How Electroluminescent (EL) Wire Works

By: Joanna Burgess

Why EL Wire Glows

EL wire is powered by alternating current (AC), not direct current (DC). When electricity is applied to an electroluminescent wire, electrons in the wire's phosphor coating are knocked to a higher energy level or orbital. When these electrons move back to their original energy level, they emit light particles called photons. Only at the point when the electrons release their extra energy and return to their previous state will they release photons, causing the phosphor to glow. So, why is AC better than DC for electroluminescent wire? If direct current (DC) were applied to the EL wire, light emission would stop as soon as the current stops exciting the electrons. As DC moves in only one direction, the glowing would begin and end very quickly as the current passed.

For EL wire to continuously glow, it needs a constant supply of electrical current. With alternating current (AC), the electrical current moves back and forth between the positive and negative poles of the circuit. This alternating polarity means that electricity constantly flows through the circuit, giving the EL wire a constant electrical supply. Consequently, the phosphor atoms are continuously being ionized, or having their electrons change energy level. Since these ions are always having their electrons jump from one energy level to another -- the process by which they emit light -- they will glow continuously. Additionally, AC can provide higher voltages than DC because alternating current can be stepped up or down by using transformers. This is key for determining how brightly your EL wire will shine. Higher voltages cause more electron excitation, which in turn leads to a brighter light [source: PBS].

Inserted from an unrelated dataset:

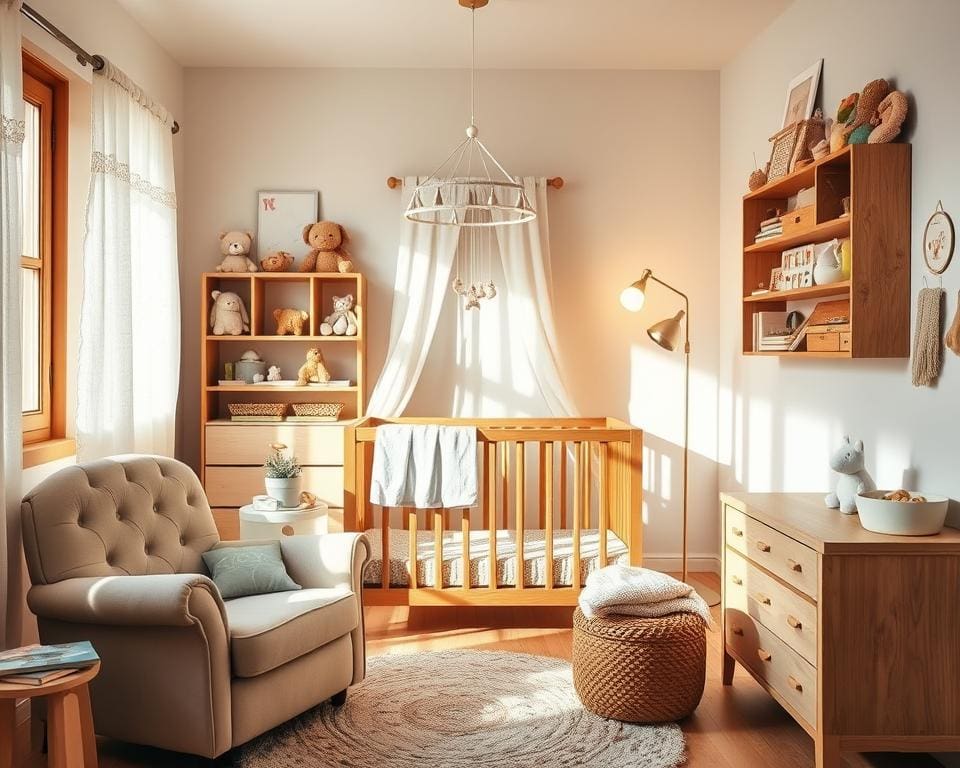 Wat is de beste manier om een kinderkamer in te richten?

For EL wire applications that won't work with standard electrical outlets, battery power is the way to go. Because batteries provide direct current (DC), your battery-powered EL wires require an inverter, which converts DC into the AC you need. When it comes to inverters, two factors will help you determine what you need: the project you have in mind and the power you'll need to make it work. Your EL wire's length determines how much power you'll need, and the power you use determines how bright your EL wire will appear. Using an inverter that's too small in relation to the length of the wire will hinder its ability to produce bright light. An inverter that's correctly sized will dramatically increase EL wire's brightness.